Simulate \(n=10000\) random numbers from the exponential distribution with rate \(\lambda = 2\) to verify that R is indeed using the rate parameterization.

Problem 1b)

Simulate 200 draws (random numbers) from the \(X\sim \mathrm{Expon}(\beta = 2)\) distribution. Plot a histogram of the draws (use 30 histogram bins/cells) and overlay the theoretical probability density function (pdf) for the \(\mathrm{Expon}(\beta = 2)\) distribution as a curve. Note that you have to use the argument freq=FALSE in the hist function, otherwise the vertical scale will be counts within each bin in the histogram, and you want really want the height of the histogram bars to represent the density.
[Hint: evaluate the dexp density function over a fine grid of \(x\)-values to plot the pdf.]

Problem 1c)

Overlay two more pdf curves: one for \(\mathrm{Expon}(\beta = 1)\) and the other for \(\mathrm{Expon}(\beta = 3)\). Use different colors. Which of the three pdf curves fit the data (histogram) best? Why do you think that is?

Problem 1d)

The empirical cumulative density function (cdf) from a sample with \(n\) observations is given by

\[ \hat{F}_n(x) = \frac{\text{number of elements in the sample }\leq x}{n} \]
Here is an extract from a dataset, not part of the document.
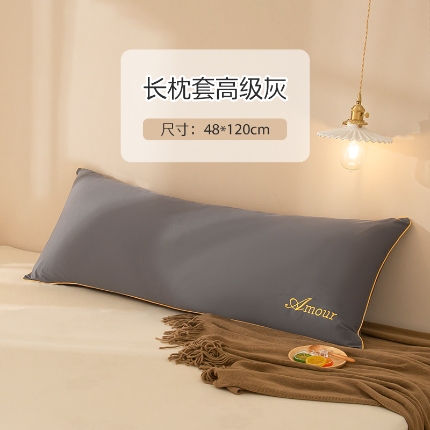 91家纺网 家纺一手货源 找家纺 （总）姝辰 2024新款40S色泽水洗棉简约刺绣双人三人长枕套（最低销售控价不低于36）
Plot the empirical cdf for the \(n=200\) observations that you simulated in Problem 1b); see https://en.wikipedia.org/wiki/Empirical_distribution_function for a little information about the empirical cdf, if you are curious. Overlay the cdf from the three distributions above: \(\mathrm{Expon}(\beta = 1)\) , \(\mathrm{Expon}(\beta = 2)\) and \(\mathrm{Expon}(\beta = 3)\). Which distribution seems to fit best? Does it match with your conclusion from Problem 1c)?
[Hint: the sort function might be handy for the empirical cdf, and don’t forget about the so called p-functions in R.]

Problem 1e)

Compare the sample median from the \(n=200\) observations to the theoretical medians for each of the above three distributions. Explain both how:

  • a sample median is defined and

  • how a median of a statistical distribution is defined.

[Hint: recall the so called q-functions in R].

Problem 1f)

Verify by numerical integration that the \(\mathrm{Expon}(\beta = 2)\) density in R really fulfills the required property of any density \(\int_{-\infty}^\infty f(x)dx=1\). This entails doing a rectangle sum approximation as in the definition of the integral in Lecture 2 (do not use a built-in function or a package for numerical integration). Start with a rectangle width of \(\Delta x = 0.5\) and then lower it until the integral seems to have converged.

Problem 1g)

Compute the expected value of the exponential distribution with \(\beta=2\) using numerical integration, i.e. using similar technique as in Problem 1f). Verify your result from the rectangle sum by using R’s built in numerical integration routine integrate (see ?integrate for the documentation).
(Here we actually know the result, the expected value of \(\mathrm{Expon}(\beta)\) is \(\beta\), but numerical integration technique can be used for the expectation of any function, for example if you are interested in \(\mathbb{E}(\log (X))\), when \(X \sim \mathrm{Expon}(\beta)\)).
[Hint1: note that integrate requires the function f(x) to be integrated as input argument, so you have to define such a function before calling the integrate function. To remind you of how functions are written in R, a toy function in R is given below.]
[Hint2: don’t forget that I asking you to compute the expected value, not just to integrate the density function]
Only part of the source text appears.